Limitations & Future Work

  • Coarse-grained to Cα backbone: Only models Cα, ignoring side-chain flexibility, which limits the description of allosteric/catalytic mechanisms involving side-chain rearrangement.
  • Gaussian approximation ceiling: A single multivariate Gaussian cannot express multimodal conformational distributions (e.g., distinct apo↔holo state switching), causing it to lag behind true ensemble generators in distribution coverage (PCA W2) and transient/weak contact recovery.
  • Heuristic joint covariance: The Eq.5 reconstruction is an approximation that may distort long-range strong couplings or non-Gaussian correlation structures.
  • Cryptic pocket evidence is anecdotal: Only qualitative demonstration on a single enzyme; lacks a systematic benchmark.
  • Future work could move towards Gaussian mixtures/hierarchical generation, incorporate side-chains/all-atom models, and integrate dynamic prediction into downstream drug design loops.
  • Implicit Ensemble Generators: AlphaFlow (flow-matching reusing AF2), BioEMU (PDB+AFDB pre-training, diffusion fine-tuned on 200ms MD), MSA subsampling—rich but slow and requiring massive pre-training.
  • Explicit Dynamics Predictors: FlexPert3D (scalar RMSF), Dyna-1 (predicting µs–ms motion using NMR chemical shift missingness as a latent variable), NMA/ANM (physical normal modes, non-learning)—DYNAPROT is the first to explicitly learn marginal + pairwise Gaussians and reconstruct the full 3N×3N covariance in a data-driven manner.
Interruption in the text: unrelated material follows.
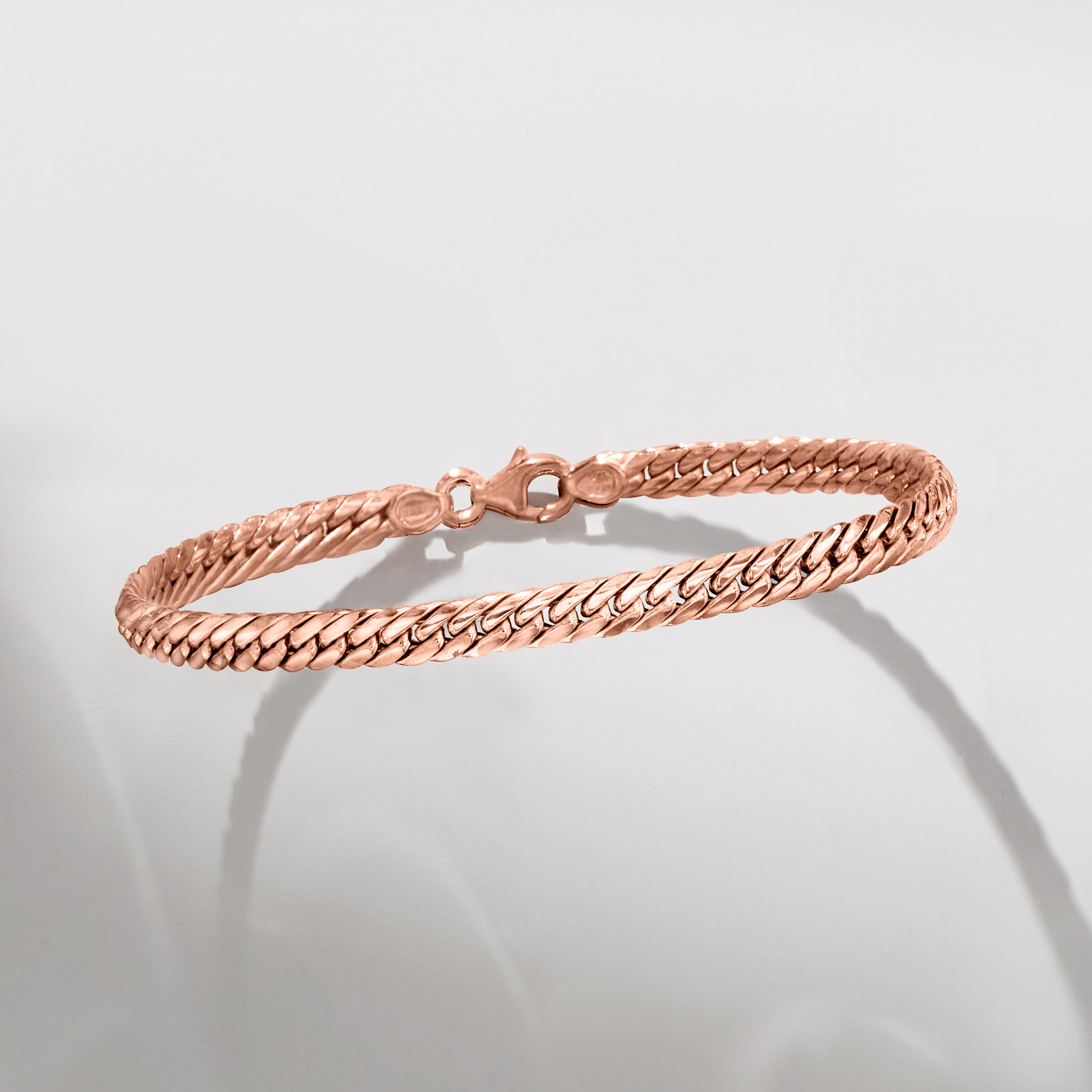 Italian 14kt Rose Gold Cuban-Link Bracelet. 7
  • Insight: When downstream tasks only require "second-order statistics" rather than full samples, direct regression of covariance structure + analytical sampling may be far more cost-effective than generative sampling. Cholesky parameterization on the SPD manifold + log-Euclidean loss is a general paradigm for covariance prediction, transferable to other uncertainty/anisotropy regression tasks.

Rating

  • Novelty: ⭐⭐⭐⭐ Uses a unified Gaussian perspective to decompose protein dynamics into learnable multiscale covariances and reconstructs the full joint covariance in a data-driven way for the first time.
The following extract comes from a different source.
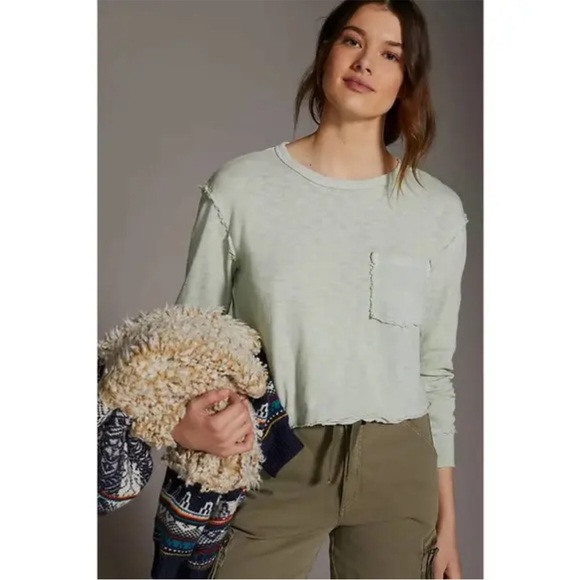 Anthropologie T.LA Cropped Long Sleeve  Crewneck Top Green Size XS - Picture 1 of 8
  • Experimental Thoroughness: ⭐⭐⭐⭐ Covers RMSF, anisotropy, residue coupling, and ensemble generation; compares against FlexPert3D/AlphaFlow/NMA with reported parameter counts and runtimes; includes ablations and a cryptic pocket case study. Lacks systematic functional validation and multimodal distribution handling.
  • Writing Quality: ⭐⭐⭐⭐ Mathematical derivations (SPD, Cholesky, Kronecker reconstruction, SPD closure propositions) are clear, figures are well-structured, and the motivation for the Pareto frontier is consistent throughout.
  • Value: ⭐⭐⭐⭐ Provides a scalable, interpretable, and practical alternative for proteome-level dynamics prediction, approaching the flexibility accuracy of expensive ensemble generators with models three orders of magnitude smaller.